Ph.D. Candidate University of Waterloo, Ontario, Canada
Objectives: Chronic kidney disease (CKD) is a global health concern, impacting about 10-15% of the world’s population. Among patients with CKD, there are sex differences in both the prevalence and pathophysiological profiles, with women being more affected than men [1]. While quantitative systems pharmacology (QSP) models have proven to be valuable tools in studying calcium-phosphate regulation and bone health in CKD patients [2,3], these models have yet to consider the impact of sex differences. Our study addresses this gap by developing the first sex-specific QSP models of calcium-phosphate regulation in patients with CKD. Using these models, we quantify how sex differences impact patients with CKD as well as predict clinical outcomes while considering sex as a biological variable.
Methods: We developed sex-specific QSP models of calcium-phosphate homeostasis which describe changes in plasma phosphate, calcium, parathyroid hormone (PTH), and fibroblast growth factor 23 (FGF23) as well as bone remodeling during CKD progression in males versus females.

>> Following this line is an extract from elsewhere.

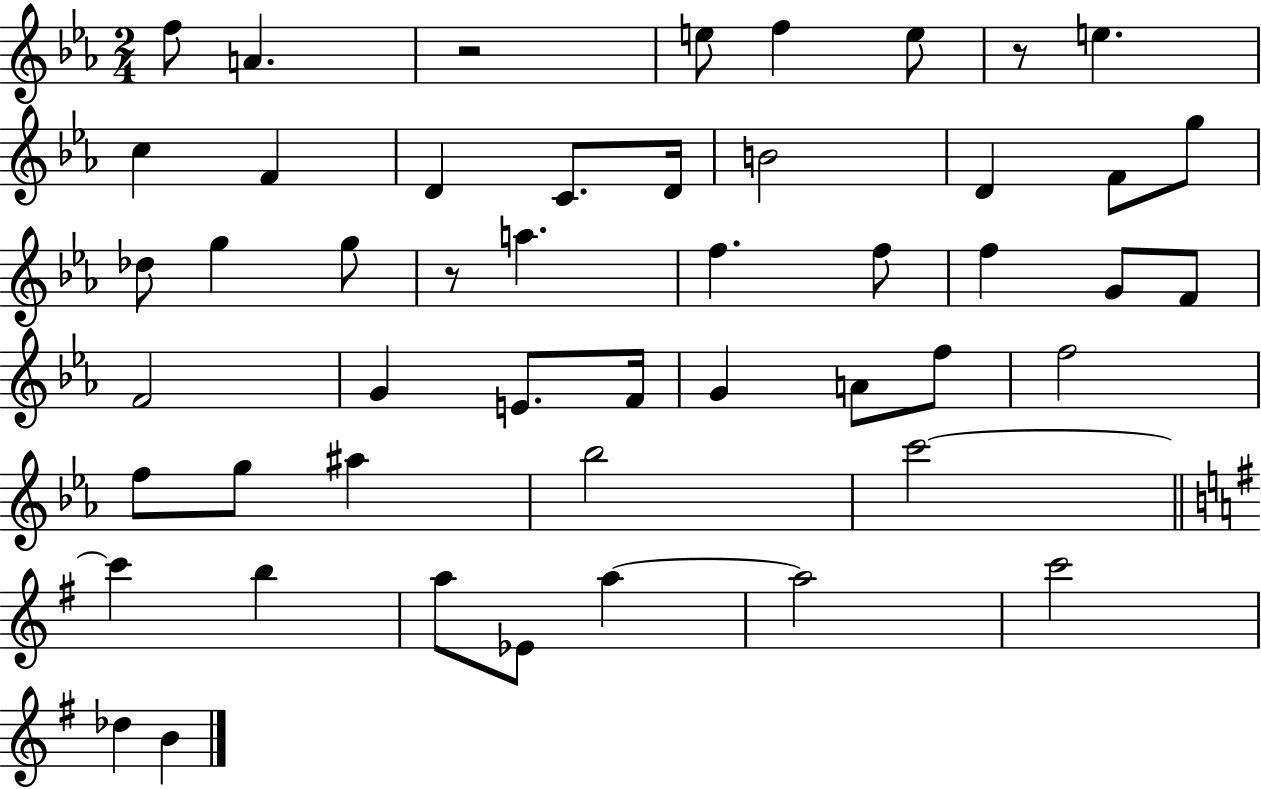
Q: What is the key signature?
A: EES major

Our models are based on existing sex-specific data [1,4] and QSP models [2,3]. Through model simulation and analysis, we quantify how sex differences impact calcium-phosphate homeostasis through CKD progression as well as the clinical impacts of various therapies.

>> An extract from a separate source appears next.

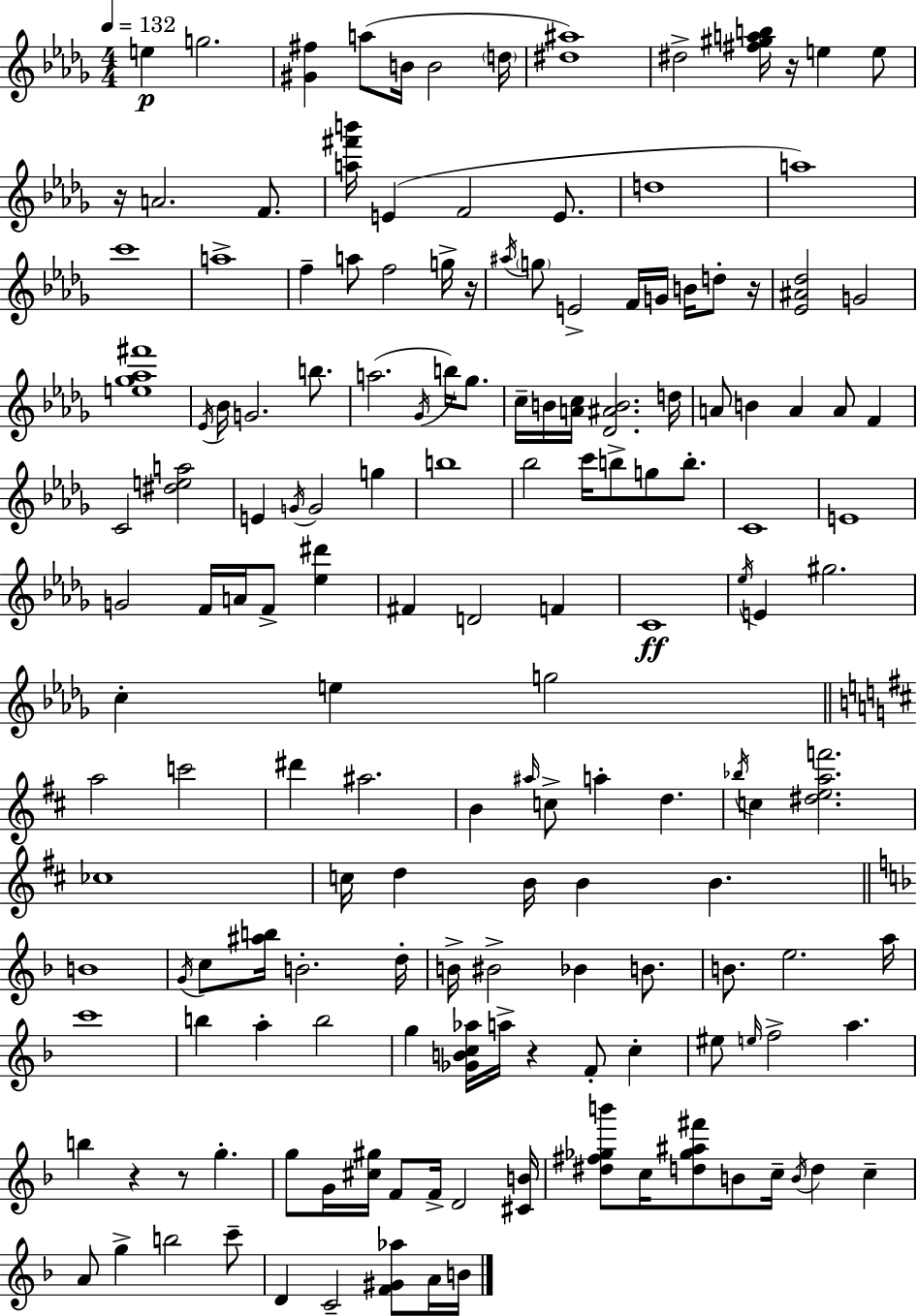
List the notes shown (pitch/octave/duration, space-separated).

E5/q G5/h. [G#4,F#5]/q A5/e B4/s B4/h D5/s [D#5,A#5]/w D#5/h [F#5,G#5,A5,B5]/s R/s E5/q E5/e R/s A4/h. F4/e. [A5,F#6,B6]/s E4/q F4/h E4/e. D5/w A5/w C6/w A5/w F5/q A5/e F5/h G5/s R/s A#5/s G5/e E4/h F4/s G4/s B4/s D5/e R/s [Eb4,A#4,Db5]/h G4/h [E5,Gb5,Ab5,F#6]/w Eb4/s Bb4/s G4/h. B5/e. A5/h. Gb4/s B5/s Gb5/e. C5/s B4/s [A4,C5]/s [Db4,A#4,B4]/h. D5/s A4/e B4/q A4/q A4/e F4/q C4/h [D#5,E5,A5]/h E4/q G4/s G4/h G5/q B5/w Bb5/h C6/s B5/e G5/e B5/e. C4/w E4/w G4/h F4/s A4/s F4/e [Eb5,D#6]/q F#4/q D4/h F4/q C4/w Eb5/s E4/q G#5/h. C5/q E5/q G5/h A5/h C6/h D#6/q A#5/h. B4/q A#5/s C5/e A5/q D5/q. Bb5/s C5/q [D#5,E5,A5,F6]/h. CES5/w C5/s D5/q B4/s B4/q B4/q. B4/w G4/s C5/e [A#5,B5]/s B4/h. D5/s B4/s BIS4/h Bb4/q B4/e. B4/e. E5/h. A5/s C6/w B5/q A5/q B5/h G5/q [Gb4,B4,C5,Ab5]/s A5/s R/q F4/e C5/q EIS5/e E5/s F5/h A5/q. B5/q R/q R/e G5/q. G5/e G4/s [C#5,G#5]/s F4/e F4/s D4/h [C#4,B4]/s [D#5,F#5,Gb5,B6]/e C5/s [D5,Gb5,A#5,F#6]/e B4/e C5/s B4/s D5/q C5/q A4/e G5/q B5/h C6/e D4/q C4/h [F4,G#4,Ab5]/e A4/s B4/s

Results: Female susceptibility to hyperphosphatemia can be explained by underlying sex differences in pathophysiological profiles of patients with CKD.
Conclusions: Impacts of sex differences in pathophysiological profiles of patients with CKD are unraveled using mathematical modeling.

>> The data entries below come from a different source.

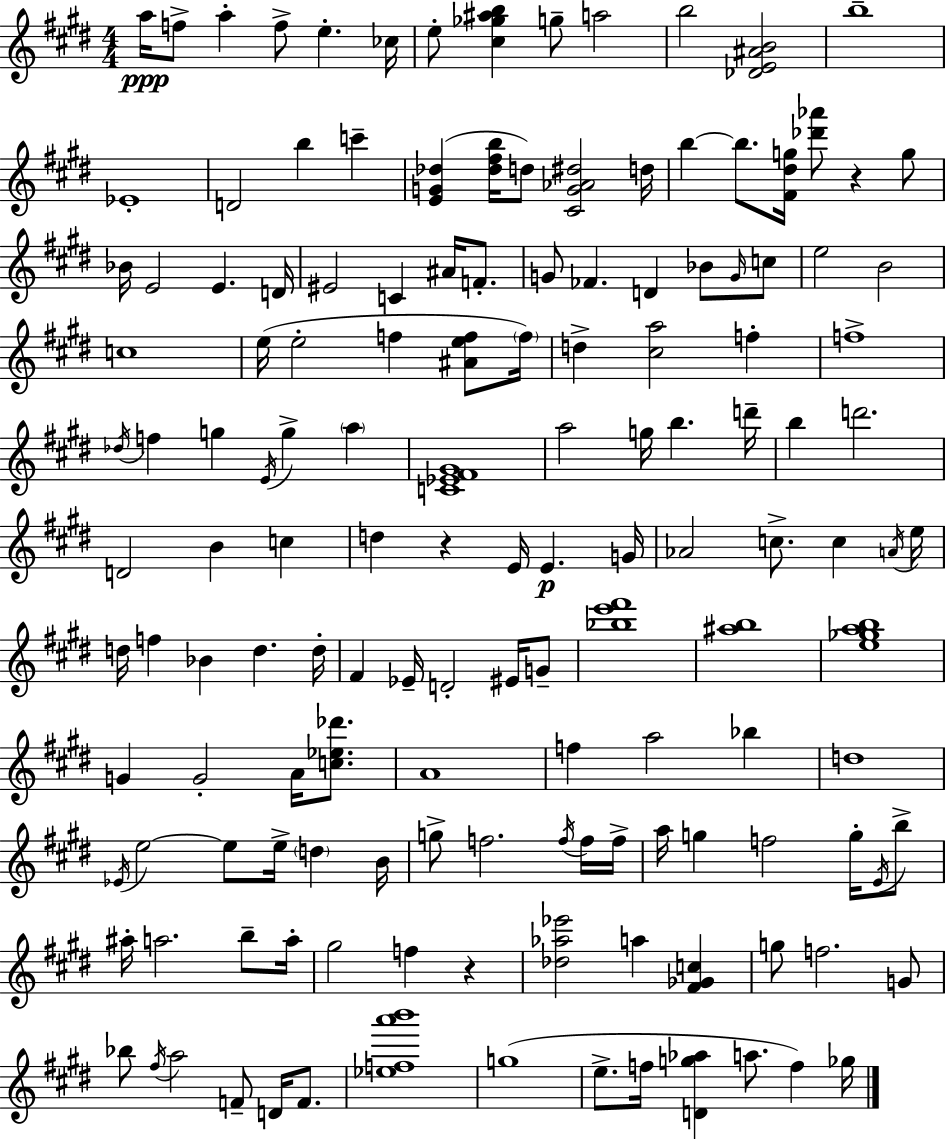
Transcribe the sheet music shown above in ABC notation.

X:1
T:Untitled
M:4/4
L:1/4
K:E
a/4 f/2 a f/2 e _c/4 e/2 [^c_g^ab] g/2 a2 b2 [_DE^AB]2 b4 _E4 D2 b c' [EG_d] [_d^fb]/4 d/2 [^CG_A^d]2 d/4 b b/2 [^F^dg]/4 [_d'_a']/2 z g/2 _B/4 E2 E D/4 ^E2 C ^A/4 F/2 G/2 _F D _B/2 G/4 c/2 e2 B2 c4 e/4 e2 f [^Aef]/2 f/4 d [^ca]2 f f4 _d/4 f g E/4 g a [C_E^F^G]4 a2 g/4 b d'/4 b d'2 D2 B c d z E/4 E G/4 _A2 c/2 c A/4 e/4 d/4 f _B d d/4 ^F _E/4 D2 ^E/4 G/2 [_be'^f']4 [^ab]4 [e_gab]4 G G2 A/4 [c_e_d']/2 A4 f a2 _b d4 _E/4 e2 e/2 e/4 d B/4 g/2 f2 f/4 f/4 f/4 a/4 g f2 g/4 E/4 b/2 ^a/4 a2 b/2 a/4 ^g2 f z [_d_a_e']2 a [^F_Gc] g/2 f2 G/2 _b/2 ^f/4 a2 F/2 D/4 F/2 [_efa'b']4 g4 e/2 f/4 [Dg_a] a/2 f _g/4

Citations: [1] Wyld, Melanie L. R., Nicole L. De La Mata, Andrea Viecelli, et al. 2022. “Sex-Based Differences in Risk Factors and Complications of Chronic Kidney Disease.” Seminars in Nephrology, Sex and Gender in Kidney Health and Disease, 42 (2): 153–69. [2] Peterson, Mark C., and Matthew M. Riggs. 2010. “A Physiologically Based Mathematical Model of Integrated Calcium Homeostasis and Bone Remodeling.” Bone 46 (1): 49–63. [3] Gaweda, Adam E., Devin E. McBride, et al. 2021. “Development of a Quantitative Systems Pharmacology Model of Chronic Kidney Disease: Metabolic Bone Disorder.” American Journal of Physiology-Renal Physiology 320 (2): F203–11. [4] Feldman, Harold I., Lawrence J. Appel, et al. 2003. “The Chronic Renal Insufficiency Cohort (CRIC) Study: Design and Methods.” Journal of the American Society of Nephrology 14.